Four years on, Arsene Wenger's comments about Arsenal's 'British core' seem like a distant memory. Wilshere, Oxlade-Chamberlain, Gibbs, Carl Jenkinson and Ramsey all signed new contracts in December 2012, with Theo Walcott following their lead over a year later. It was hoped that those five youngsters would go on to do big things in north London. There may still be time for that to change.
Walcott, Oxlade-Chamberlain and defender Calum Chambers, a new name who can be added to that 'core', were Arsenal's three goalscorers in the Premier League opener defeat to Liverpool on Sunday. While the defeat itself was symptomatic of the Gunners' defensive issues in recent seasons, one positive to take from the game was that it was the first time since 1997 that three English players had scored in the same game for the club.
Those three in particular will be looking to push on this season following previous injury-plagued campaigns. Wilshere is another of those players who has spent more time on the treatment table than the Emirates Stadium pitch, but he will know there is no better opportunity than now to stake a regular starting spot under a man who continues to put so much faith in him.
READ MORE | Welbeck to return four months earlier than expected
Wenger's insistence on keeping Walcott and Wilshere is down to a number of factors. Arsenal have invested huge amounts of time and money in their long-serving players and it's said that neither of them have had a fair run in the team to show what they can do. Indeed, when Walcott did get his chance to shine two seasons ago he contributed an impressive tally of 14 goals and 12 assists in 32 league games.
The talent is there and Wenger knows it.
Then there's Oxlade-Chamberlain, a supremely gifted player, but one who only mustered up one goal in 22 games last season and missed Euro 2016 after suffering a knee ligament injury. His main problem after injuries is self-belief and it's no surprise to hear him working closely with the club's sports psychologist following an inconsistent batch of performances over the past few seasons.
"I see Alex train every day", said Wenger last season.
"He is dedicated, focused, and hungry. But his dad said he lacks a bit of self-belief and I can confirm that because he is very critical of himself.

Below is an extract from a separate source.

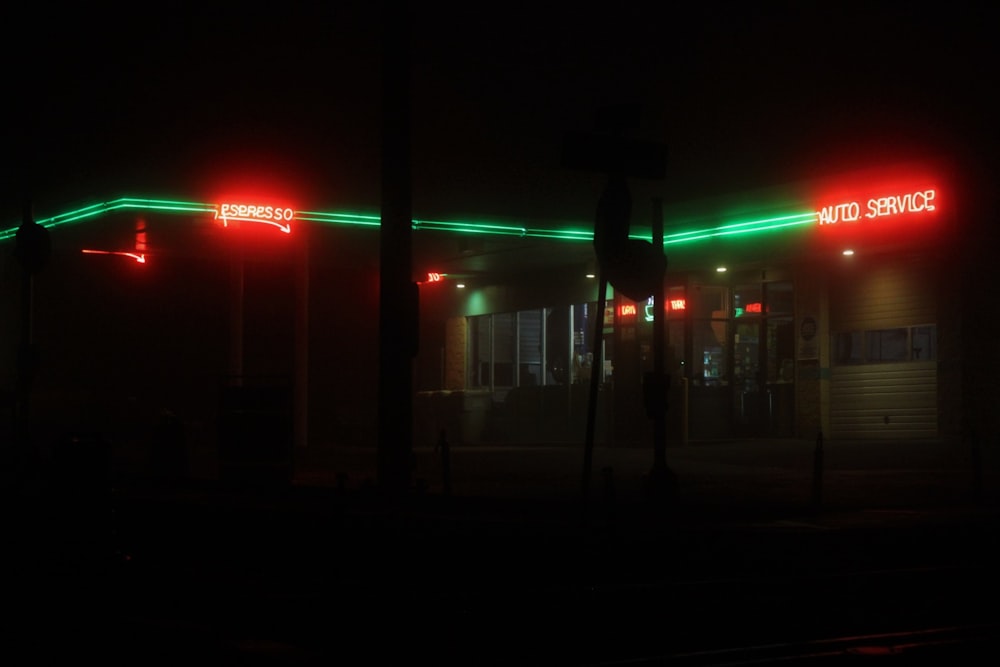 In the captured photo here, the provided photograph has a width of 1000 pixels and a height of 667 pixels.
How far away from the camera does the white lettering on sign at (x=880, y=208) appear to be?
23969mm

"That's positive and a sign of top-level sportsmen, but you have to find the right balance of being not happy with what you do without harming the confidence."
The 23-year-old was also urged to learn from team-mate Alexis Sanchez who embodies all the qualities of a top level professional in terms of work ethic, self-confidence and an ability to win matches on his own. It remains to be seen whether he has benefited from training with the Chilean but a splendid pre-season and superb solo run and goal against Liverpool once again showed everyone what he is capable of when he believes in himself.
Wilshere's timeframe to 'make it' is arguably shorter than Chamberlain's. The 24-year-old midfielder made just three appearances for Arsenal last season, playing 141 minutes of football in another season which will be remembered for injuries rather than top class performances. Added to that, the disappointment of being knocked out of the European Championships by Iceland certainly made it a season to forget for Wilshere.
He faces a tremendous task to work his way back into the starting line-up. Santi Cazorla, Ramsey and Granit Xhaka are all considered above him in the pecking order but if he can manage a run of regular games in the side then anything is possible. The 'Wilshere turn' and his tendency to glide across the pitch as he goes forward still makes him one of the most exciting players to watch in the Premier League.
While high hopes are held for Walcott, Wilshere and Chamberlain this season, the same cannot be said for Gibbs, who has been displaced from the starting XI by Nacho Monreal. He will almost certainly fight for his place at the club, and 15 appearances last season show that he will get a chance, injuries permitting, but the impression given by the 26-year-old is that his time in north London could be cut short at the end of the season if first team opportunities aren't handed his way.
Alex Iwobi and Chuba Akpom are examples of academy products starting to come through into the first team. They are exactly what Wenger was referring to when he talked about producing "60 per cent English players". Whether Akpom can force his way into the first team remains to be seen, but amid all the negativity at Arsenal right now they can take comfort in the fact that they have several hungry, young homegrown players looking to prove their worth in the team - otherwise it could be their final season at the club.